- Coat of arms
- Location of Reygade
- Reygade Location within France Reygade Location within Nouvelle-Aquitaine
- Coordinates: 45°00′57″N 1°54′36″E﻿ / ﻿45.0158°N 1.91°E
- Country: France
- Region: Nouvelle-Aquitaine
- Department: Corrèze
- Arrondissement: Tulle
- Canton: Argentat-sur-Dordogne

Government
- • Mayor (2020–2026): Bernard Trassoudaine
- Area^{1}: 13.94 km^{2} (5.38 sq mi)
- Population (2023): 175
- • Density: 12.6/km^{2} (32.5/sq mi)
- Time zone: UTC+01:00 (CET)
- • Summer (DST): UTC+02:00 (CEST)
- INSEE/Postal code: 19171 /19430
- Elevation: 160–526 m (525–1,726 ft) (avg. 450 m or 1,480 ft)

= Reygade =

Reygade (/fr/; Raigadas) is a commune in the Corrèze department in central France.
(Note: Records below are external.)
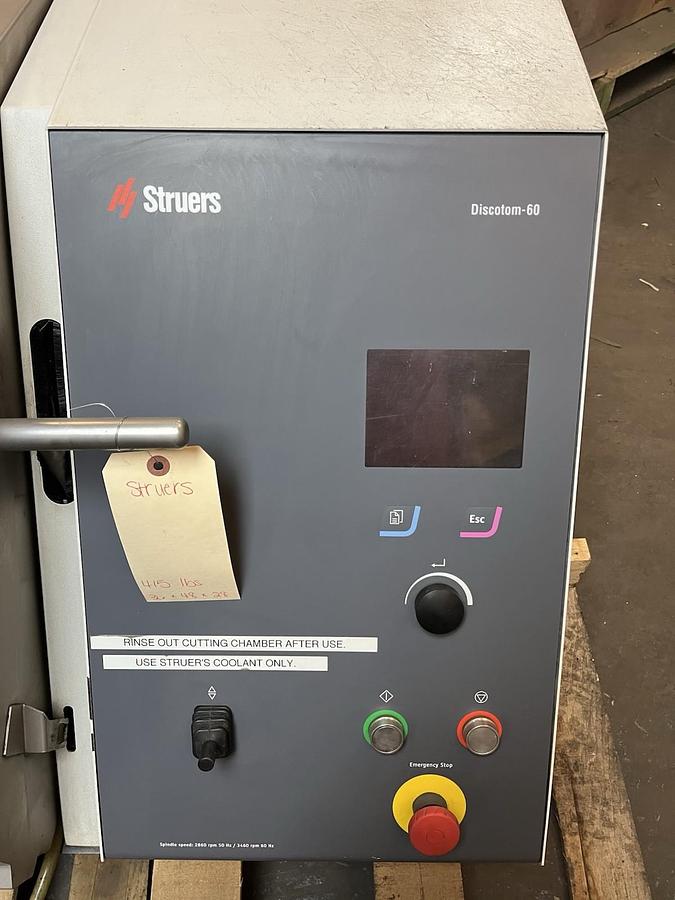 Used STRUERS,05906136,DISCOTOM 60 CUTOFF MACHINE 3PH 220-240V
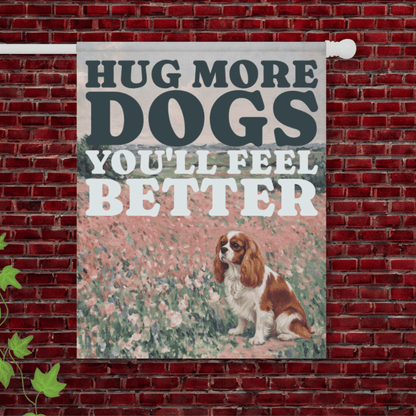 Personalized Cavalier Hug More Dogs Yard Flag 24.5'' × 32''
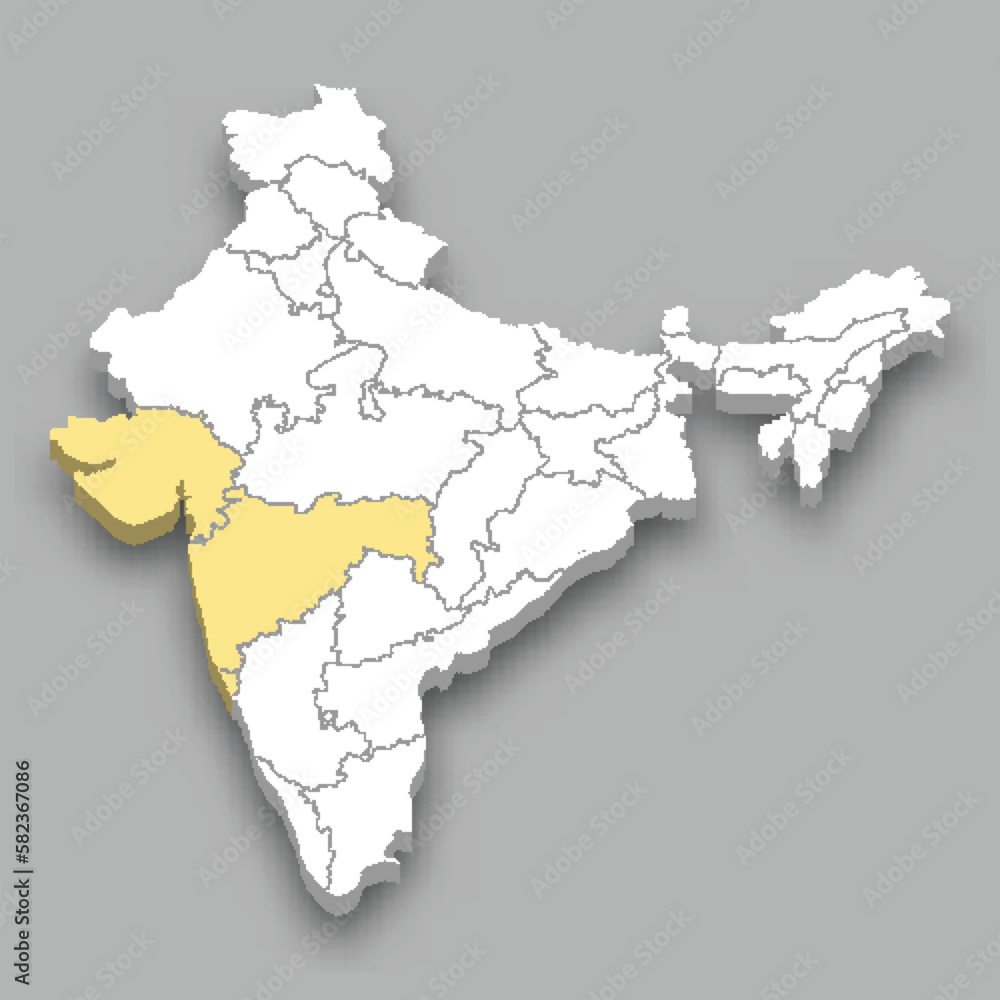 Fototapeta premium Western Zone location within India map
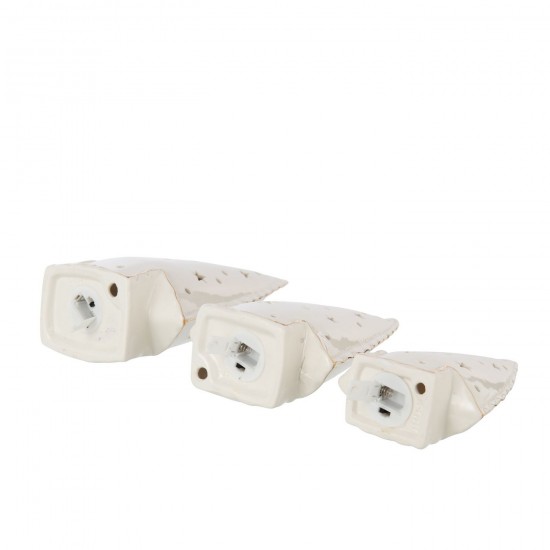 J-Line J Line hivers Set De 3 Arbre Led Etoiles Argile Blanc.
==Local culture and heritage==
===Places and monuments===
====Église Saint-Eutrope-de-Saintes de Reygade====
It is romanesque church the has been updated in 18th century.

====Chapel====
In a small chapel near the cemetery, behind a protective glass window, you can admire a polychrome burial of Jesus of the fifteenth century with a sound and light show commented by Jean Piat.

Neither the author nor the exact date of this masterpiece is known, but the entombment at Carennac (in the
Lot) is very similar to it but in a non-polychrome form. It is impressive for the painful expression of the life-size figures, at the centre of which is the weeping Virgin Mary, supported by John the Evangelist and Mary, wife of Cleophas. On each side Salome clasps her hands and Mary Magdalene holds a vase of spices. Jesus, whose face is imbued with gentleness, is stretched out on a stone table. The shroud is supported by Joseph of Arimathea, on the right, and Nicodemus, on the left.